"Yeah, I can see it. It’s in the guy’s lap, just like Butch said. But I don’t see any flesh."
Cootie started dancing back and forth from foot to foot. He knew we had to finish up our work, and we couldn’t do that till we figured out what Butch’d seen, so he was antsy to get it over with, but he wasn’t too keen about picking up that kettle. But finally he knelt down and reached in his hand and grabbed it, and he didn’t bother with any paintbrush, either. And as soon as he lifted it, we saw the flesh on the guy’s thighbones.
"There it is, just like Butch said," Cootie called to me. "But there ain’t no flesh growin’ there. It must’ve been the copper in this kettle preserved the flesh somehow so it didn’t rot away. Kinda like they preserved the mummies in Egypt. I think I read of copper doin’ that sometimes."
Butch was standing behind me now, looking in. "I told yuh I seen flesh, din’t I? I don’t like this, and I don’t like this goddamn rain. I say we close this thing up and get the hell outta here."

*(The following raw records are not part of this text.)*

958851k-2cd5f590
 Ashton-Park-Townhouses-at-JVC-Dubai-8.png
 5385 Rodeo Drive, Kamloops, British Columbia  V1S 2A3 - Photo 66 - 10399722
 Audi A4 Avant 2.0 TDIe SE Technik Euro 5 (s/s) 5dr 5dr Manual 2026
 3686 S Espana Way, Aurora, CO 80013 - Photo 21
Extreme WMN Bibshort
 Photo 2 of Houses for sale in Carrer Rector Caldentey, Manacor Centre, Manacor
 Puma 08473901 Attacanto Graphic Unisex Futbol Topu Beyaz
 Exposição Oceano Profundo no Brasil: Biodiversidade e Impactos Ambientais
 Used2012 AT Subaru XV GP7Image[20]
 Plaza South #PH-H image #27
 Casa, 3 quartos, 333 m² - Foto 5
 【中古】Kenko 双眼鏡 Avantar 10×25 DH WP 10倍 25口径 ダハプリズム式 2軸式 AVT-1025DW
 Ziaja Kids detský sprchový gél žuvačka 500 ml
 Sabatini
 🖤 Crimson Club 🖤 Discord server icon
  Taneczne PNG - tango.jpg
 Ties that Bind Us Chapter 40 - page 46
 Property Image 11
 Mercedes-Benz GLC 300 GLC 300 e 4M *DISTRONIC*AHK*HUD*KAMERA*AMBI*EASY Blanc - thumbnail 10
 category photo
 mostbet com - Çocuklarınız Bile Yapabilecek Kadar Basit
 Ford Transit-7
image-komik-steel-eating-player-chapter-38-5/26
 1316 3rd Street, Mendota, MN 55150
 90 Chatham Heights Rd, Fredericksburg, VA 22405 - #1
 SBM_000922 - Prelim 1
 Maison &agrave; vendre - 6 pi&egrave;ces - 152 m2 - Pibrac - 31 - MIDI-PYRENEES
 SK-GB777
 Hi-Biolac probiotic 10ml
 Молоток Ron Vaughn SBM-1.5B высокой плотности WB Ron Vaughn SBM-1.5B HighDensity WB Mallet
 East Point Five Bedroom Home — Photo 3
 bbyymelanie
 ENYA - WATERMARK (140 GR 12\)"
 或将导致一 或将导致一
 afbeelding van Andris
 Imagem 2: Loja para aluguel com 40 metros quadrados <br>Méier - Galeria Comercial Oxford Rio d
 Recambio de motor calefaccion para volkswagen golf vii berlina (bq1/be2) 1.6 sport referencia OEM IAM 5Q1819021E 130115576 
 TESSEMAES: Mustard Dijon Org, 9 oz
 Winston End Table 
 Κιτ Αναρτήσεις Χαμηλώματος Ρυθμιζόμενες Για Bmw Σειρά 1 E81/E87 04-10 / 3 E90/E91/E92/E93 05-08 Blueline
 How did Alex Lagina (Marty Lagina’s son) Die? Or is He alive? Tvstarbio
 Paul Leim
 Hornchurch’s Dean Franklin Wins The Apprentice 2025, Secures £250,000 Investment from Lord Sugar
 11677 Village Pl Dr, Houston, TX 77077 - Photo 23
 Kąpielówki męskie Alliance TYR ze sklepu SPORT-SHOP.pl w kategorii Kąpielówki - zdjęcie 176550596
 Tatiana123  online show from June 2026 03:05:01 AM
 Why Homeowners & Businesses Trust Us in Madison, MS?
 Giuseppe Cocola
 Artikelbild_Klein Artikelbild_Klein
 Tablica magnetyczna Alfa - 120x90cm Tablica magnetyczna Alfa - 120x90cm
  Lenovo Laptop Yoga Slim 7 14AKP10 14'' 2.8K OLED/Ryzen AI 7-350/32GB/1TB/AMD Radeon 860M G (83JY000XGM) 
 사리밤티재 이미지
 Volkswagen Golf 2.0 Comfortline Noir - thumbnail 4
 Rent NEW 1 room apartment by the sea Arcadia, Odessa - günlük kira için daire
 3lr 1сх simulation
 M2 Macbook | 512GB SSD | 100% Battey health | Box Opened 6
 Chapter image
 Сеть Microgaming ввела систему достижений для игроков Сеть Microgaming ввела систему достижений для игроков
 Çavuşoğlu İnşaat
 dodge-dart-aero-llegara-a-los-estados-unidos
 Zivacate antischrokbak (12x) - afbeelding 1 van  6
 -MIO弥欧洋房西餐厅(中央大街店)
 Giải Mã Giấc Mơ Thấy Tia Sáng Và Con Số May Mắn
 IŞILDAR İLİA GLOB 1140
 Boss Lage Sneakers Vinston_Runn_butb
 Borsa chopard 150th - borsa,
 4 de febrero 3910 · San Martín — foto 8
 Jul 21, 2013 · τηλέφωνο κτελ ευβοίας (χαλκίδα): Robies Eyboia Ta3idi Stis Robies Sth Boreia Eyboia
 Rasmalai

"I second it," I shouted to Cootie. "We don’t have any business here. Let’s fill it in before we get in trouble."
Cootie put the kettle back on the guy’s thighbones and stood up. The wind was whipping our clothes and our words now so that the only way we could hear each other was by almost screaming.
"All right," Cootie yelled with his hands cupped to his mouth. "We’ve seen enough. I’ve studied that skull close enough so I’ll know what we’re lookin’ for later. Let’s close her up."
We grabbed the shovels and started tossing the dirt back in the grave as fast as we could, covering up all the artifacts right along with the skeleton. And as we shoveled I said some words to myself, a sort of prayer, I guess, for this Indian’s soul. And I asked him to forgive us for bothering him and touching his stuff because I remember Tom telling us that once an Indian died, his property was considered sacred and nobody else used it or touched it. And he’d told us about this one sachem who’d died and the guy’s father set fire to this big old lodge the sachem had and burned the whole thing down with all the guy’s belongings in it. Well, it was sacred. And after a sachem died, his name was never mentioned again. If another sachem wanted to start a war with an enemy tribe, he’s say the name of one of their dead ancestors. He’d kind of spit it out to show contempt, and that’s all it took to start a war between tribes.
The rain made the dirt heavy and soggy, so it was hard to lift and toss back. But we finally got the grave filled, and then we had to toss the mud into a heap so’s we could rebuild the mound.
The wind was roaring now, and the sky got so black that it was almost like night out, and all kinds of things began to spook me. I thought of Nick’s Day of Judgment and how the whole earth’d turn dark, and I wondered if we could’ve started the thing in motion by doing what we’d done.
You couldn’t make out what anybody else was shouting because the wind was so loud and strong that it sucked the words out of us and whipped them away, leaving us out of breath from trying to shout and shovel at the same time. And it was like we knew we’d done something wrong, and the sooner we buried the evidence, the better.
I could barely see Cootie and Butch right next to me except when a zigzag of lightning’d fizz down from the sky and light up the whole burial ground in one flash, and then everything looked like the black, dark shadows that you see in movies like Frankenstein. Leaves were flying through the air and slapping us in the face and all over, and it was all we could do to reach with the shovels for some more diggings without getting blown away. And when you’d toss the dirt, half of it’d blow back to the canvas in the wind.
Just as I tossed the last shovelful onto the mound, a bolt of lightning hit a nearby tree, splitting it, and you could hear the thunder at the same instant. At first I thought somebody’d set off a charge of dynamite. The shock of it knocked all three of us on our asses, and all of us jumped up screaming at the same time, but it wasn’t from the lightning hit.
We’d all spotted it in the flare of the lightning strike: these arms and legs of clothes that were jumping around in the wind, and they looked for all the world like clothes made out of hides, like Indians used to wear. But what was most scary was the face that was glaring at us, angry and hard and fierce, from behind a hemlock tree next to the dancing clothes...an Indian face!
We didn’t wait for the next flash, but took off running full speed toward Bridgebury Road, leaving the shovels and trowels where we’d dropped them and not thinking about them at all. We hit the road at top speed and didn’t begin to slow down till we’d covered the two miles back to Reservoir Road.